The thinner lid seal might explain one of the other sources of gas leakage from my kegs. I'm using a Corny keg seal and despite lathering it up with keg lube, there was still a bit of leakage. Might have to order one of those seal kits from NHB.


----------



## MHB (16/9/15)

Andale also carry all the parts, have found Steve at Somersby very helpful over the years 02 43 404 111 from memory.
Mark


----------



## ziggy459 (6/3/16)

Hi all 

well I have some of these kegs also see like below for parts....

http://www.easykegging.com.au/product-category/mytton-rodd-keg-parts/

rgds
Chris


----------



## MHB (6/3/16)

I was up at Brewman on Friday among some other bits and pieces I got some parts for some old 9 litre kegs of mine, as you are local Ziggy, it might be worth knowing he has parts in stock, don't know if they are on the website.

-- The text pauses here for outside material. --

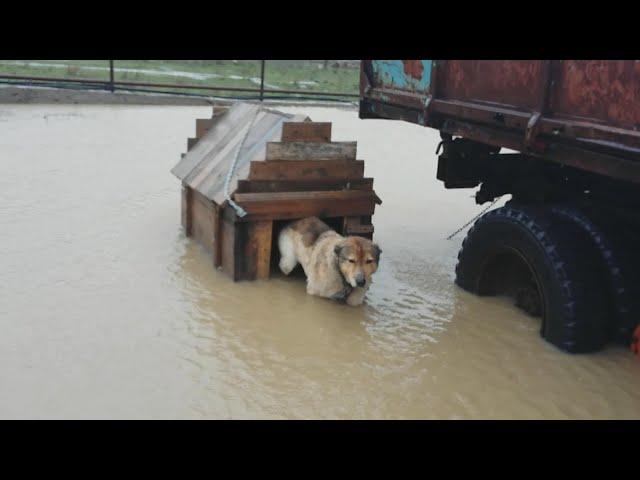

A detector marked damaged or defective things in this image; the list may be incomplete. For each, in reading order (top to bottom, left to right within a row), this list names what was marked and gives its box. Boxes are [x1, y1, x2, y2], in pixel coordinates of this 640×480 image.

rusty truck bed [360, 61, 640, 185]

The flat washer under the 1/2" BSP male post thread is called a life saver washer
The internal seal is called a top-hat seal
the outside O-Ring is the same as the one on a ball-lock corny
Mark


----------



## ziggy459 (6/3/16)

MHB said:


> I was up at Brewman on Friday among some other bits and pieces I got some parts for some old 9 litre kegs of mine, as you are local Ziggy, it might be worth knowing he has parts in stock, don't know if they are on the website.
> 
> The flat washer under the 1/2" BSP male post thread is called a life saver washer
> The internal seal is called a top-hat seal
> ...


Hi Mark
Its Chris (Computers) used to be at waratah.. these ones I have here I pulled them apart they seem to have 2 seals. in both in and out.


----------



## ziggy459 (6/3/16)

Hey Mark

here is a pic under the post...

Rgds
Chris


----------



## MHB (6/3/16)

Hey Chris - long time no see
Yep the yellow washer is the one you replace with a lifesaver (the yellow ones mostly crumble up and make a hell of a mess).
If you have any problems PM me and I'll arrange a time to show you how to fix them.
In the easykeg link the internal is called a "Mushroom seal".
Mark


----------



## ziggy459 (7/3/16)

MHB said:


> Hey Chris - long time no see
> Yep the yellow washer is the one you replace with a lifesaver (the yellow ones mostly crumble up and make a hell of a mess).
> If you have any problems PM me and I'll arrange a time to show you how to fix them.
> In the easykeg link the internal is called a "Mushroom seal".
> Mark


Thanks Mark

Have ordered the seals today just going to fix 2 of them at this stage, Thanks for your help.



rgds
Chris


----------



## Mardoo (8/3/16)

Anyone have any experience using the nylon or viton washers instead of the polyurethane ones? MHB is right, the polyurethane ones can be a pain. I just pulled apart a couple old Mytton Rodds that had been refurbished and appeared to have a nylon washer instead of the pU ones. I'm just about to put in an order to Stainless Tanks and Pressure Vessels  and they list nylon and viton options for the pU washer at the bottom of the linked page.

Cheers!!!


----------



## MHB (8/3/16)

Chriss, no problem, give me a hoy if you have any problems.
Go the Viton, its a rubber the nylon is very hard and on old kegs it's handy if there is a bit of flexibility.
Mark


----------



## Mardoo (8/3/16)

Much appreciated MHB


----------



## MHB (8/3/16)

Your welcome, I always liked the STPV Hatch O-Rings.
Mark


----------



## Weizguy (9/3/16)

Yeah, MHB, thanks for the tip about Brewman having supplies.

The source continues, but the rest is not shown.